BAKAN IŞIKHAN'DAN ASGARİ ÜCRET MESAJI
2025 yılında Üçlü Danışma Kurulu ve Kamu Personeli Danışma Kurulu'nu topladıklarını vurgulayan Bakan Işıkhan, şöyle devam etti:
"2016'dan bu yana uyguladığımız asgari ücret desteğini 2025 yılı için bin liraya çıkarmıştık. Bu kapsamda, 2025'in ilk 9 ayında 1,5 milyon iş yerine toplamda 46,8 milyar lira destek sağladık. Ayrıca, ücretlilerin asgari ücrete kadar olan gelirlerinden vergileri kaldırmıştık. 2026'da toplam 1 trilyon 92 milyar lira vergiden bu kapsamda vazgeçmiş olacağız, bu tutarın bakanlığımızın 2026 bütçe teklifi tutarının 2 katından daha fazla olduğunu dikkatinize çekmek isterim. Biz, sonuçta emeği korumayı, üretimi, büyütmeyi, çalışanıyla, işvereniyle milletimizin tamamını güçlendirmeyi temel vazifemiz olarak görüyoruz, bu doğrultuda attığımız her adım Türkiye'nin yarınlarına daha güvenli bakabilmesi için. Geçtiğimiz hafta, 2026 yılında geçerli olacak asgari ücretin belirlenmesi için Asgari Ücret Tespit Komisyonumuzu topladık. İşçi ve işveren temsilcilerimize görüşerek sosyal diyalog sürecini aktif bir şekilde sürdürüyor. Her yıl olduğu gibi bu yıl da 2026 yılı asgari ücret miktarının çalışanlarımızın gelirlerini enflasyona ezdirmeyecek, istihdam ve makroekonomik dengeleri koruyacak ortak bir noktada belirlenmesi için Komisyon olarak çalışmalarımızı sürdüreceğiz."

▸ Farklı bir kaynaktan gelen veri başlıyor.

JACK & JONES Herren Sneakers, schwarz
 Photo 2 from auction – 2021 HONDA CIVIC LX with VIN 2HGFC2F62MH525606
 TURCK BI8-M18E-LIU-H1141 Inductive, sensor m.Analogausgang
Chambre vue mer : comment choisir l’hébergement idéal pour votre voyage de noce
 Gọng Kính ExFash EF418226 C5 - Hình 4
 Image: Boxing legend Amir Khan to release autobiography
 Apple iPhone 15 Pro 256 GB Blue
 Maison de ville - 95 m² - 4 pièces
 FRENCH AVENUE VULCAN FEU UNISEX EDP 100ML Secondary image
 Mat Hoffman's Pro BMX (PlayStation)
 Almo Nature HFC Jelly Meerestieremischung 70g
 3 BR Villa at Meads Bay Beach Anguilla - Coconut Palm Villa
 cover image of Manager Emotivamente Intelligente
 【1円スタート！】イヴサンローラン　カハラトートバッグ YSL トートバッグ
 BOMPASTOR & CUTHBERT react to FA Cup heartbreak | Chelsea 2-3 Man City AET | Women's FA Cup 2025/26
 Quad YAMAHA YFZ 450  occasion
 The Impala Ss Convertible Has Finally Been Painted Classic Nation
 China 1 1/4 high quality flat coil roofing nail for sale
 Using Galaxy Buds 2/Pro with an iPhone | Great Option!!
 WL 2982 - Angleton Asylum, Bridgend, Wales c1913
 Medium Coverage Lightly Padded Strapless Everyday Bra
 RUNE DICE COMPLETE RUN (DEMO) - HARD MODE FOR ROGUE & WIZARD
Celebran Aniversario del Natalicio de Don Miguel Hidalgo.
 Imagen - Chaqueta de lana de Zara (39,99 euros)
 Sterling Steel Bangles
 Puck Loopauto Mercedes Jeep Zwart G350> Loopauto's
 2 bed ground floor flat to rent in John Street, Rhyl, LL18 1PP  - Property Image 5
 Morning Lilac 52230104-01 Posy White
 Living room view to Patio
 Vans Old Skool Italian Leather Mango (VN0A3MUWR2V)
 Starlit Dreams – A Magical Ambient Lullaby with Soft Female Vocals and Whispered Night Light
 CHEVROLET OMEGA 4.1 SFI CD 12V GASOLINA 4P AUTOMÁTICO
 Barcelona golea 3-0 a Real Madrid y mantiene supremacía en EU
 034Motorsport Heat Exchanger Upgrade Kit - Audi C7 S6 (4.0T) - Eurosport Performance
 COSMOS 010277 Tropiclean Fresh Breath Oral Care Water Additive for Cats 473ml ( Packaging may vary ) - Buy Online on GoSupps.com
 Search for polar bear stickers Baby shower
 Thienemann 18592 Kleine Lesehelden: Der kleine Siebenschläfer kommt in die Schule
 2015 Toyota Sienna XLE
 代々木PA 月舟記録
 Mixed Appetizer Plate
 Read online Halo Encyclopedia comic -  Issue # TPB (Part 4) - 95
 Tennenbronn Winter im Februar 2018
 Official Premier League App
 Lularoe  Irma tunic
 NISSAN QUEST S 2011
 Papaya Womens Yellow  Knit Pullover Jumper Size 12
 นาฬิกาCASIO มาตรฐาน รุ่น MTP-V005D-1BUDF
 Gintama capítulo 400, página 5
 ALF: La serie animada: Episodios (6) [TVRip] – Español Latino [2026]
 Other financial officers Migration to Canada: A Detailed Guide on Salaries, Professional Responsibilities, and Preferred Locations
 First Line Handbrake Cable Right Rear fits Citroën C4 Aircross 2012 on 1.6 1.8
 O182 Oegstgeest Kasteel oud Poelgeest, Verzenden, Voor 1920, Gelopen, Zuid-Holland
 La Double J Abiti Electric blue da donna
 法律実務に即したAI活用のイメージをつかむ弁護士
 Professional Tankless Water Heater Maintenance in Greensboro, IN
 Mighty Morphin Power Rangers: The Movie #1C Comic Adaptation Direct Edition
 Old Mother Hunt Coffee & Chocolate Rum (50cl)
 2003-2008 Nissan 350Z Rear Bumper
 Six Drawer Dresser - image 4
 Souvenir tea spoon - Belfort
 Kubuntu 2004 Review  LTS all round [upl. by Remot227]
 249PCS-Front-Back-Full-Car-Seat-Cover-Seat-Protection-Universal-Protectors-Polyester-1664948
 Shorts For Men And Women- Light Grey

'DENETİM SÜREÇLERİMİZDE İLKELERİMİZDEN ASLA TAVİZ VERMİYORUZ'
Bakan Işıkhan, Ulusal İş Sağlığı ve Güvenliği Politika Belgesi hazırlık sürecini başlattıklarını dile getirerek, "Bu belge Türkiye'nin iş yerlerinde güvenlik kültürünün yükseltmeyi hedefleyen kapsamlı bir yol haritası olacaktır. 2022 yılı sonunda ise İSG hizmeti alan 166 bin iş yeri sayısı bugün itibarıyla 782 bine çıkardık. Aynı şekilde, İSG hizmeti alan çalışan sayısını 6 milyon 400 binden 11 milyon 257 bine çıkardık. İş sağlığı ve güvenliği konusunda ihmali olanların gözünün yaşına bakmıyoruz. İşverenler, uzmanlar, belediyeler ve kamuda sorunu olan kim varsa gereğini yapıyoruz. 2025 Aralık itibarıyla 10 bin 957 iş yerinde rehberlik ve teftiş faaliyetlerini yürüttük, bu kapsamda 1 milyon 328 binin üzerinde çalışana ulaştık. Bu incelemeler sayesinde yaklaşık 992 milyon liralık eksik işçilik alacağının işçilere ödenmesini sağladık. Çalışanın hakkı ve alın teri söz konusu olduğunda asla tereddüt etmiyoruz. Denetim süreçlerimizde de bu ilkemizden asla taviz vermiyoruz" ifadelerini kullandı.